Second Sunday of Lent-
Two Questions and a Calling
When Mark (as well as the other writers) put his Gospel together, I am sure there was a rhyme and reason to it all. One thing follows the next, building and adding and giving depth. Here is an interesting series:
- Question One:
"Who do people say I am?" Mark 8:27Not a tough question. People were talking. Just listen to the gossip and figure it out. People say all kinds of things about him. People place him in all kinds of boxes. Do we? Which takes us to....
- Question Two:
"Who do you say I am?" Mark 8:29A little more difficult. This one means digging into our own souls and figuring out what we believe. But believing isn't the ending- it is but the beginning. Just because we "say" the "right" answer to the question, doesn't necessarily mean that we "get it" or even that we are willing to follow that insight to its proper conclusion.
Which happens to Peter. He steps back from his statement that Jesus is the Christ, the Son of God, to rebuke him as if he would know God's will better than Jesus does. He has a "power-based" understanding of who Jesus is. After all, if Jesus IS the Son of God, that is a pretty powerful position to be in. Naturally that power is to be used. Isn't it? So that leads Jesus to give...
- A Calling:
"If anyone would come after me, he must deny himself and take up his cross and follow me." Mark 8:34Now we're into discipleship! And this gets scary. As Sarah Dylan Breuer says in an article this week at The Witness Magazine:
As Christians, it still is the case that realizing the Cross' meaning has to involve us looking hard and talking honestly about power.The cross, as Sarah said in her article- and my pastor said in church this morning, is not an incovenience as we often think of it.
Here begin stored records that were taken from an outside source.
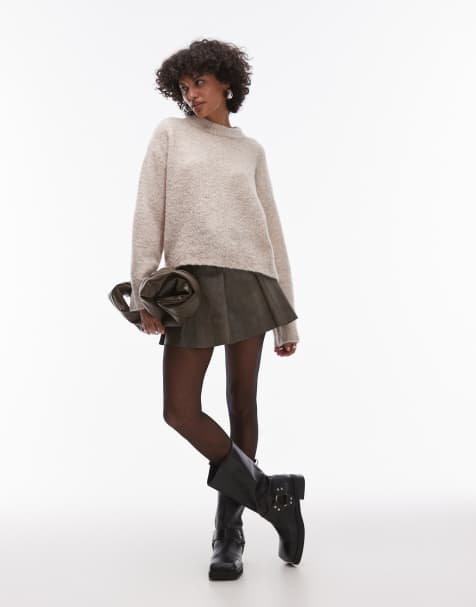 Topshop – Bouclé-Strickpullover in Steinbeige mit Rundhalsausschnitt - view 1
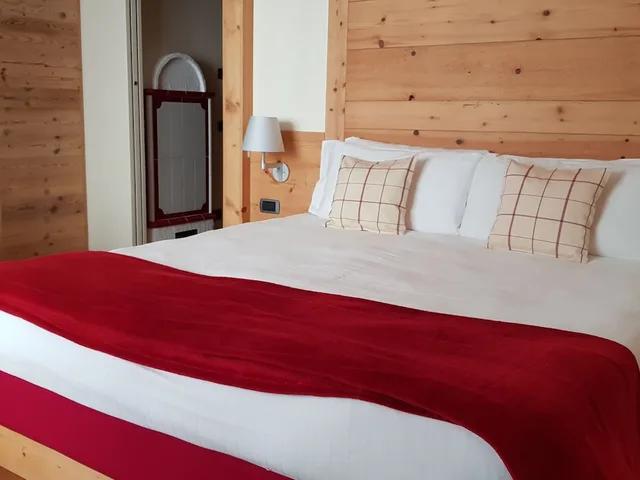 جناح عائلي، Hotel Maribel 9/10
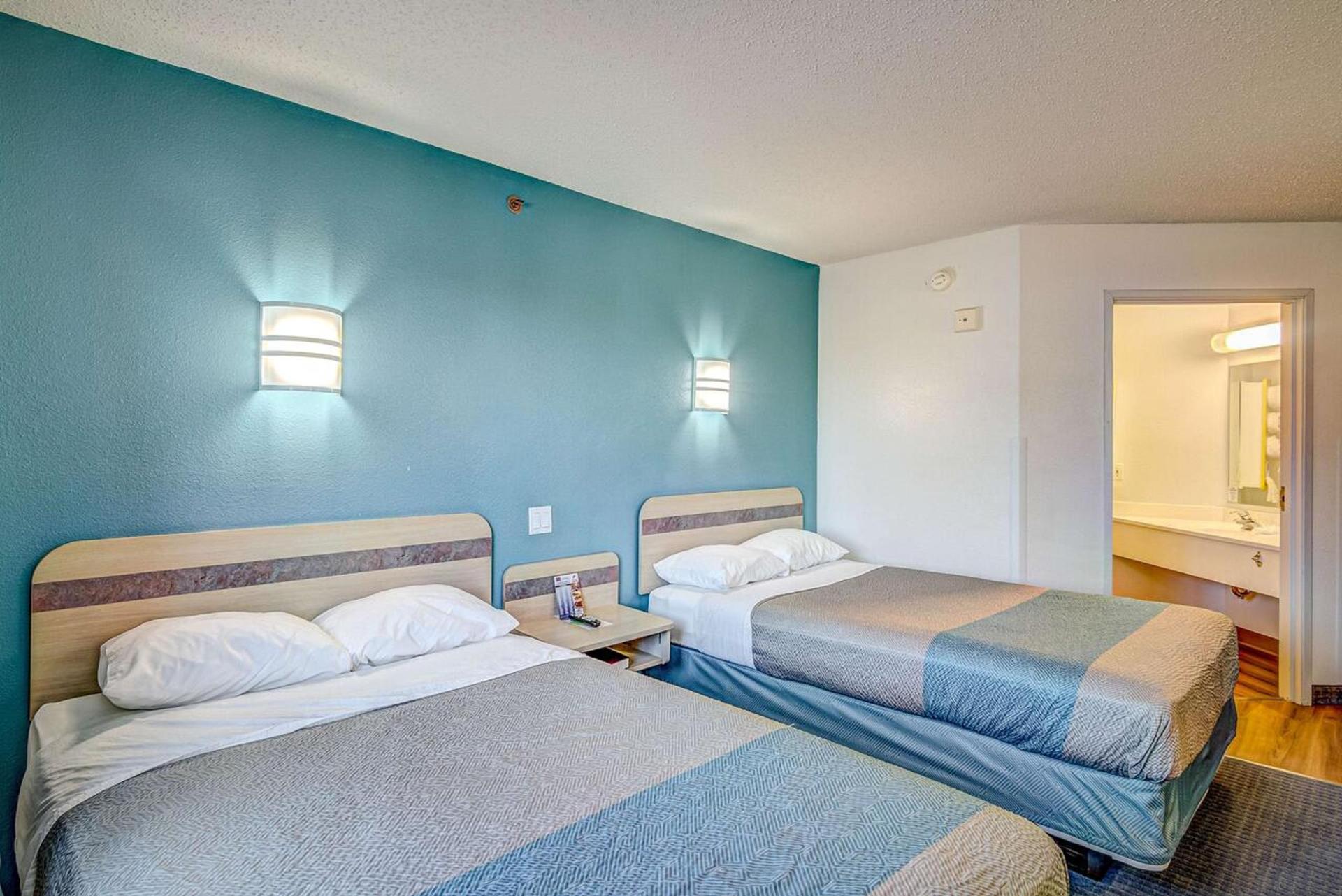 Econo Lodge Menomonie photo 22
Nor is it a pretty piece of jewelry- not to Jesus. WE have made it that over the centuries. Rather it is an instrument of state-sponsored torture and death. It is an ugly, demeaning, death-dealing exertion of power.
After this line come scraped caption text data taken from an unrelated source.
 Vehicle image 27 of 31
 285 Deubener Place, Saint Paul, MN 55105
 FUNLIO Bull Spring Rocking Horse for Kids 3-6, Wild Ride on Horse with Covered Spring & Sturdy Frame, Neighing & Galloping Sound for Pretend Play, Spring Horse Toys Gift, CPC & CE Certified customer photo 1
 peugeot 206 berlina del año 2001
So to take UP the cross is to lay DOWN our power. It is to become truly powerless and know that in that step of laying DOWN power, we will be GIVEN a new power. Notice that the power is GIVEN, we don't TAKE it. When we stand powerless before the exertion of power we are standing in God's power. When we stand with those who are also powerless before the exertion of power, we are standing in God's community.
That I have a hunch is what discipleship is all about.